Reviewing “A House in the Sky”: A Memoir
This harrowing and well-written book (by Amanda Lindhout with Sara Corbett) will make you think twice about travelling to places with security warnings. With the world in a rather disruptive state to say the least, I think back to my husband and my frequent decisions not to go into what were at the time unrest areas (such as Borneo or Paraguay ) with more than a little relief. It doesn’t mean, however, that one will always be in the right place at the right time; a lot of course, depends on luck.
Amanda Lindhout was not one of those lucky people. Travelling with her friend Nigel Brennan on a reporting mission (they were both photojournalists) into Somalia, she and Brennan were kidnapped with their entourage by Islamist insurgents. Held for 15 months, Lindhout was tortured and assaulted in unspeakable ways while her family and Brennan’s tried to raise an unrealistically high ransom. The book is from her perspective. Brennan wrote his own called: The Price of Life, which I have not read.
This account, however, is well constructed and leads you through Lindhout’s early life to the kidnapping and final release.
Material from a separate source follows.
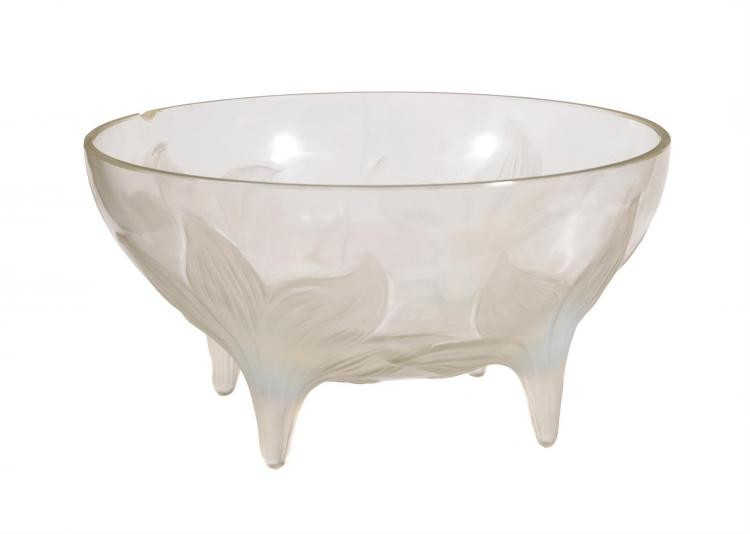 Lalique, René Lalique, Lys, an opalescent glass bowl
And although you know she and Brennan will get out, you are kept enthralled and morbidly fascinated throughout.
Remarkable for me also was how similar my own outlook about travelling is to Lindhout’s at the beginning of the book. This and the fact that she is still travelling – now on philanthropic missions, including to Somalia where she was kidnapped.
A remarkable story by a remarkable woman.